Açıyı ayarlamamı sağlayan elektrikli yatak gerçekten harika~ Bununla yataktan inmeden yazmaya devam edebiliyorum. Bir tane de kendime almak istedim ve taburcu olduktan sonra kataloğu araştırdım. Ama sonunda fikirden vazgeçtim… Satın alırsam uyku saatlerim uzar ve ben de tembel bir insan olurum.
Her neyse, tarayıcılık yapan çocukla, kız arasındaki aşk hikâyesini bu şekilde bitirdim. Bu, yayıncılık endüstrisi hakkında bir hikâye değil, gençlikle ilgili bir hikâye, bu yüzden Ao ve Hiyuki normal çocuklar.
Ancak Hiyuki’nin yazma yeteneği yoktu ve görünüşü dışında sıradan bir kızdı. Yazısıyla kendini yeniden keşfetti, dünyasını genişletti ve yavaş yavaş değişti. Böyle bir hikâye yazmak istedim ve böylece hikâye bu şekilde gelişti. Hiyuki’ye önerilerde bulunan Ao için de aynıydı, okumaktan hoşlanıyordu ancak okumak hayatıyla eşdeğer değildi.
Mesleğimin doğası gereği okuma ve yazma hakkında çok düşündüm ancak deneyim kişiden kişiye değişiyordu, bu yüzden sorun yoktu.
Hiyuki kendini işine yansıtırken, diğerleri çalışmalarını Sakutarou gibi kendilerinden ayırırdı ve çoğu profesyonel yazarın onun gibi olduğunu hissediyorum.

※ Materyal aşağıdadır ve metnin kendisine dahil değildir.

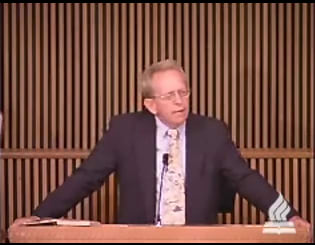 man standing at podium speaking at DTS Chapel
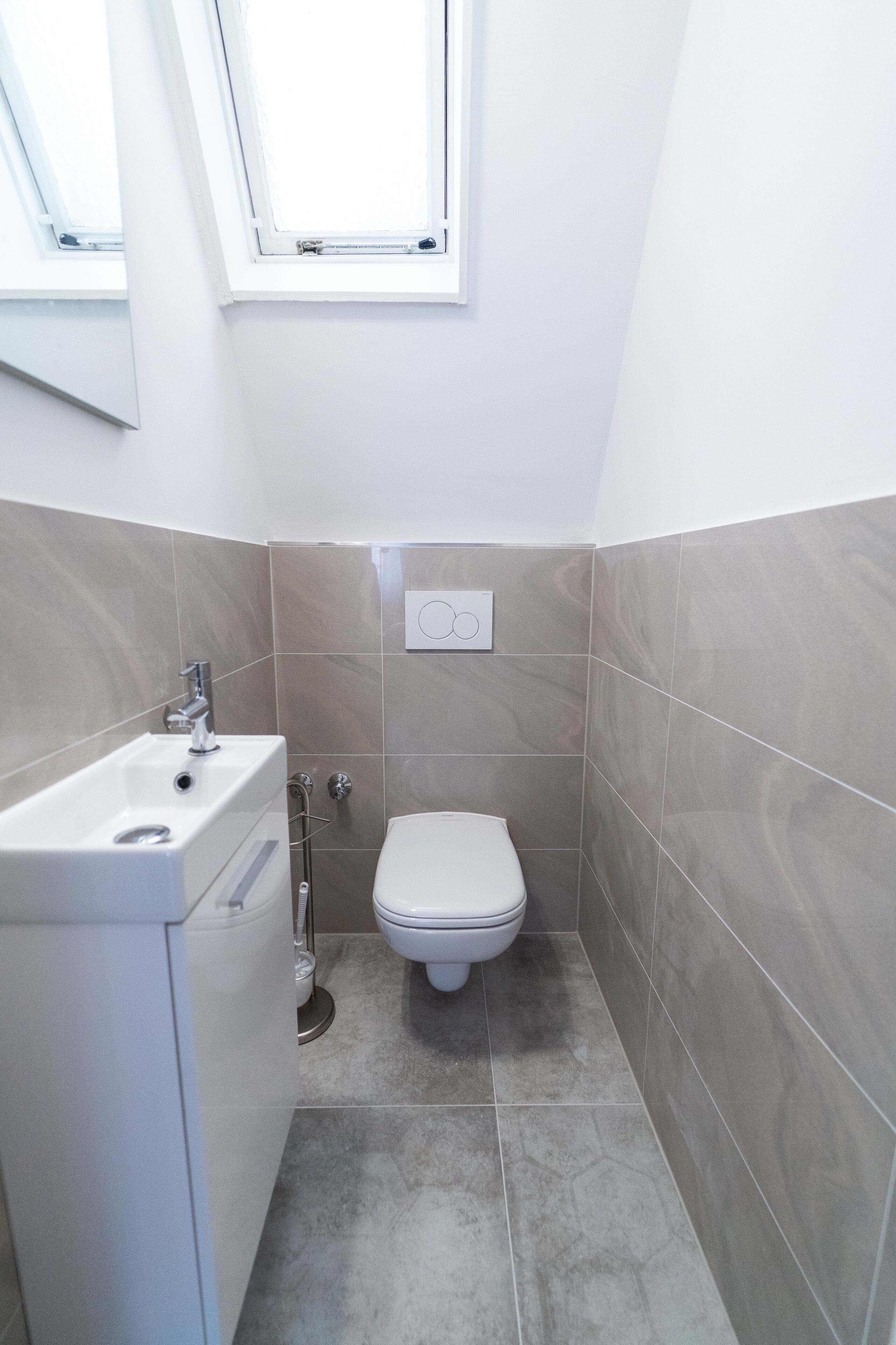 A small, modern bathroom with a toilet, sink, and shower.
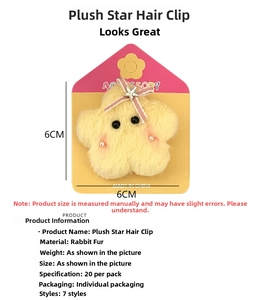 Detail of yellow plush star hair clip with pink striped bow and rabbit fur texture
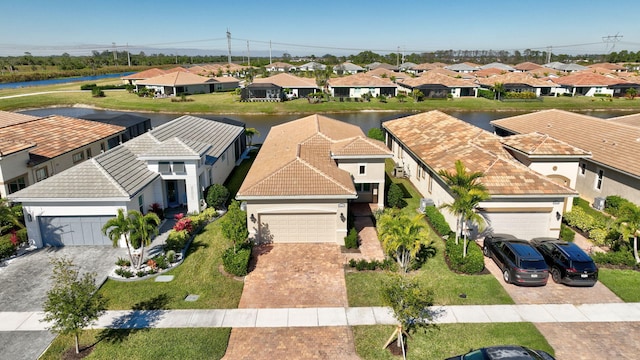 aerial view featuring a water view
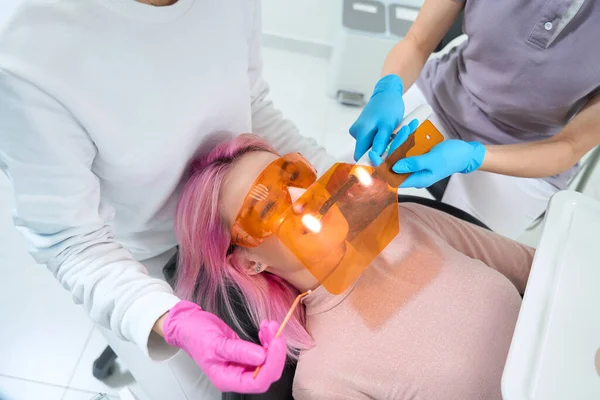 Koruyucu Gözlüklü Kadın Hasta Diş Sandalyesinde Yatıyor Doktor Bir Asistanla — Stok fotoğraf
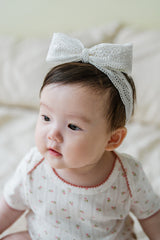 Baby girl wearing Avauma Rumiere Ribbon Band in Cotton Cream with white floral baby bodysuit, sitting on a bed Baby girl wearing Avauma Rumiere Ribbon Band in Cotton Cream with white floral baby bodysuit, sitting on a bed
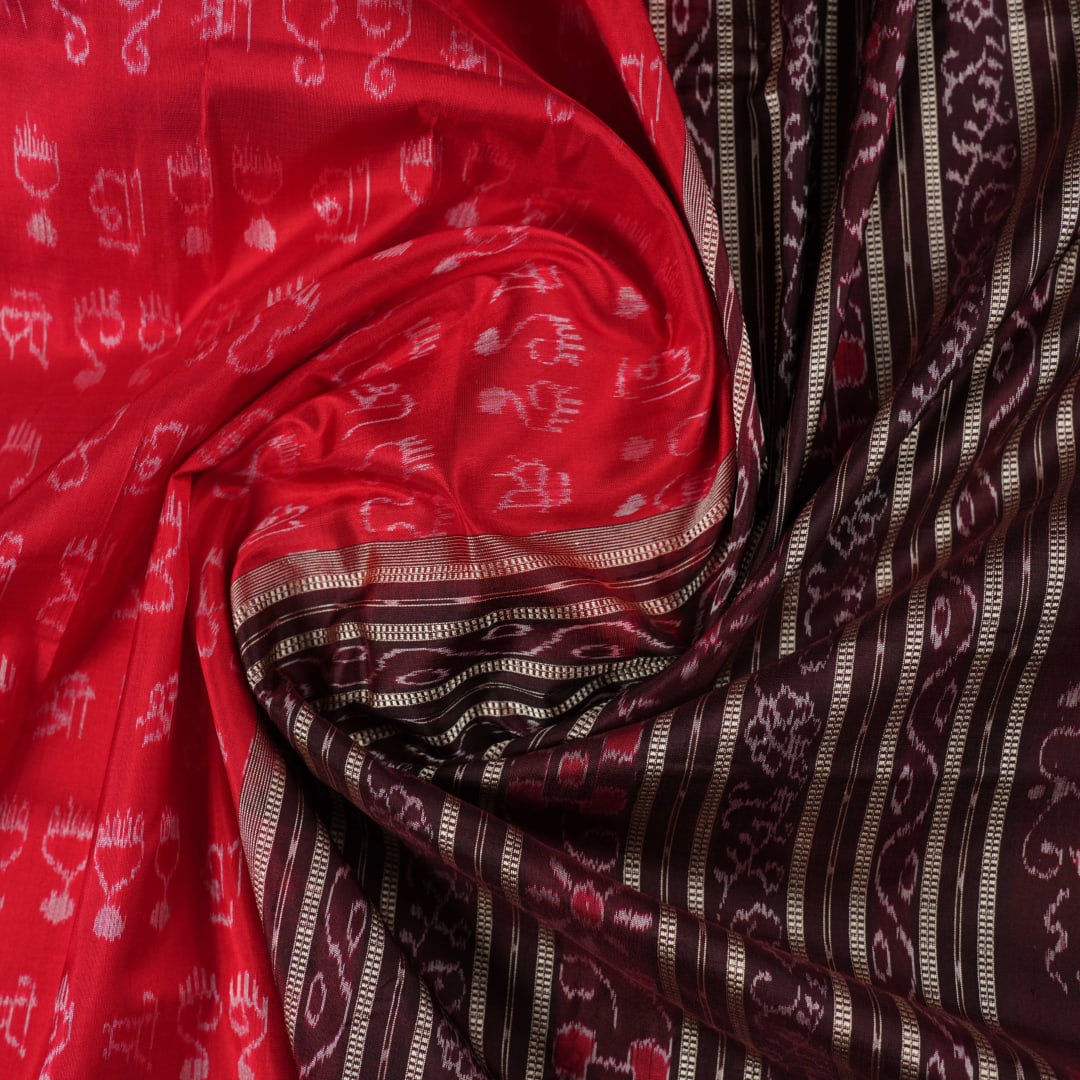 Ultra close-up of the red Sambalpuri silk saree fabric, revealing its luxurious texture and handloom weave.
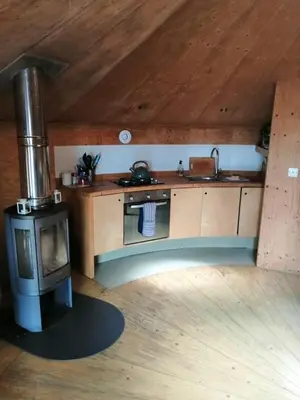 a kitchen with a stove and a stove top oven at Otter - Eco Bothy with Hot Tub in Castle Douglas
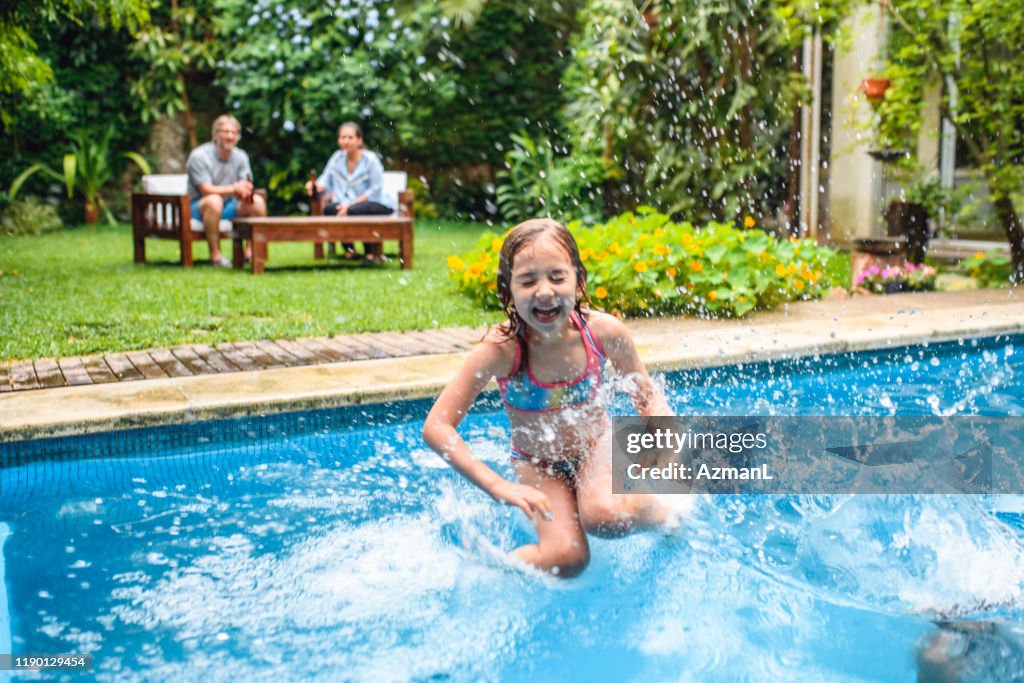 Young Girl Jumping Into Backyard Pool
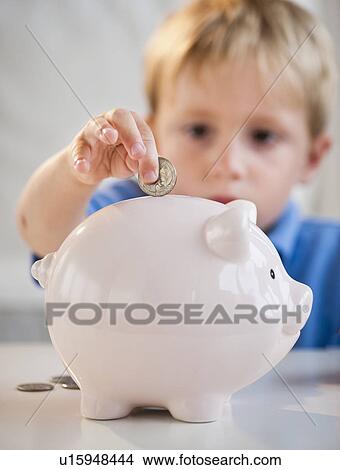 Child with piggybank View Large Photo Image Picture - Child with piggybank. Fotosearch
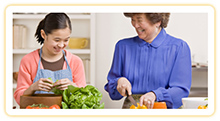 A grandmother and granddaughter having fun making dinner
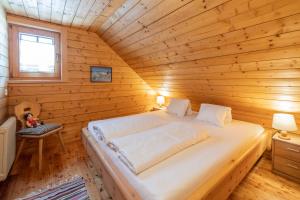a bedroom with a bed in a wooden cabin at Zirbenhütte am Falkert auf der Heidi-Alm in Koflach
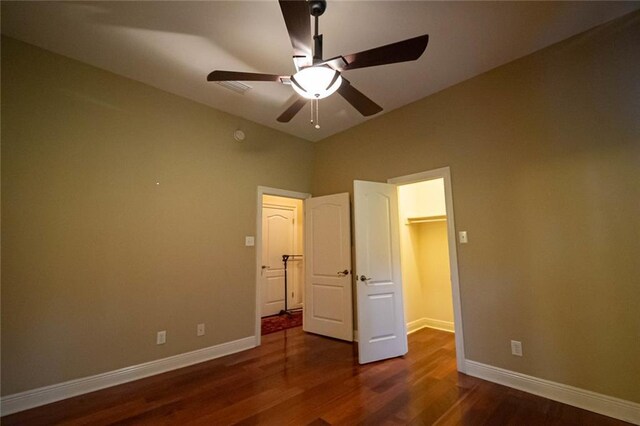 unfurnished bedroom with hardwood / wood-style flooring and ceiling fan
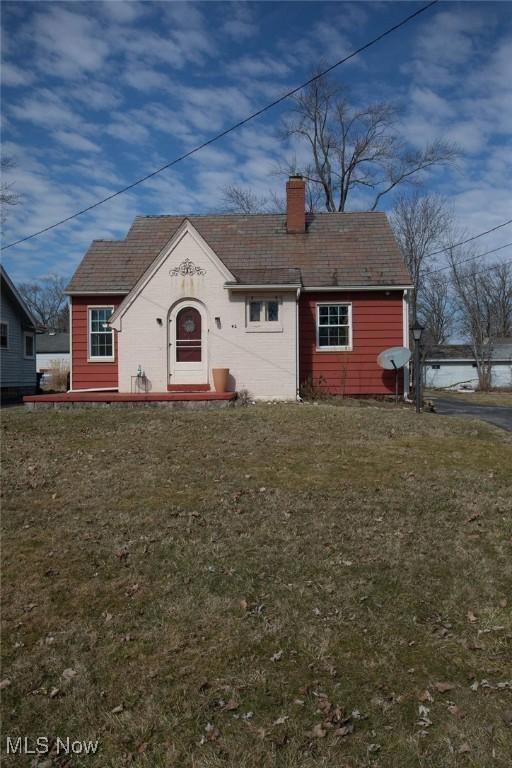 view of front facade featuring a front lawn and a chimney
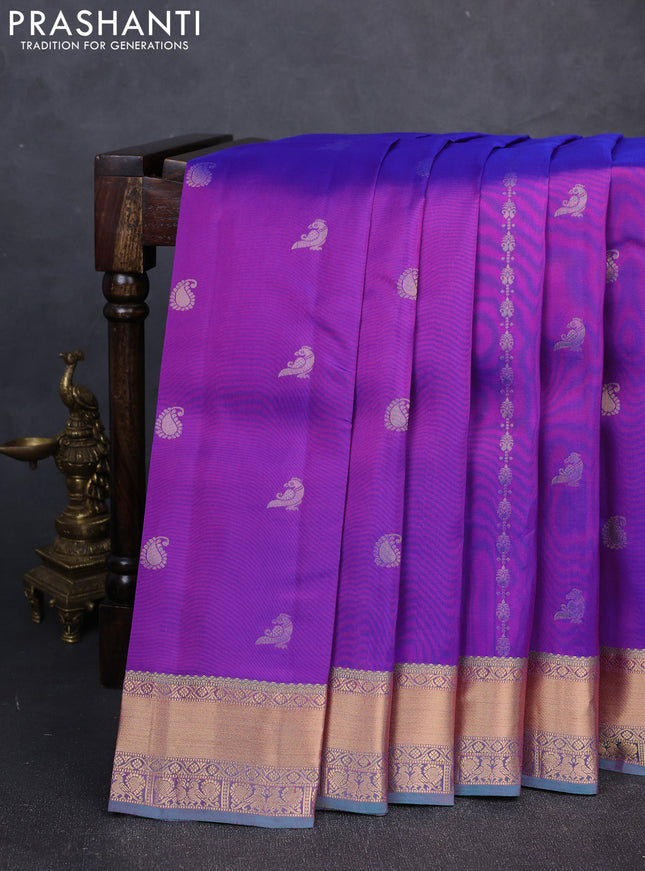 Kanchipuram silk saree purple and dual shade of teal green with allover zari woven buttas and rich zari woven border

Bana gelince, her iki şekilde de olabilir. Bununla birlikte, tamamen kendim hakkında yazmayan bir parça yazdığımda ve insanlar “Yazar kendi deneyimlerine göre mi konuşuyor?” diye sorduğunda kendimi rahatsız hissediyorum.
Her şey benim deneyimimle ilgili olsa, sahneler ve olaylar çok hızlı planlanırdı. Ao karakteri için de aynısı, her ne kadar deneyimlerimi içeriye el yazması tarayıcı olarak dahil etsem de, Ao’nun düşüncesi benimkine yüzde yüz eşdeğer değildi. Umarım Ao ve benim de farklı fikirlere sahip olduğumuzu herkes anlayabilir.
Çizimler, Eihi-sensei tarafından yapılmıştır. Sadece tek bir renk resim ile sınırsız bir hayal gücünü teşvik etti, gerçekten harika bir ressam. Mütevazı Cyan’ı seviyorum, beni gülümsetiyor.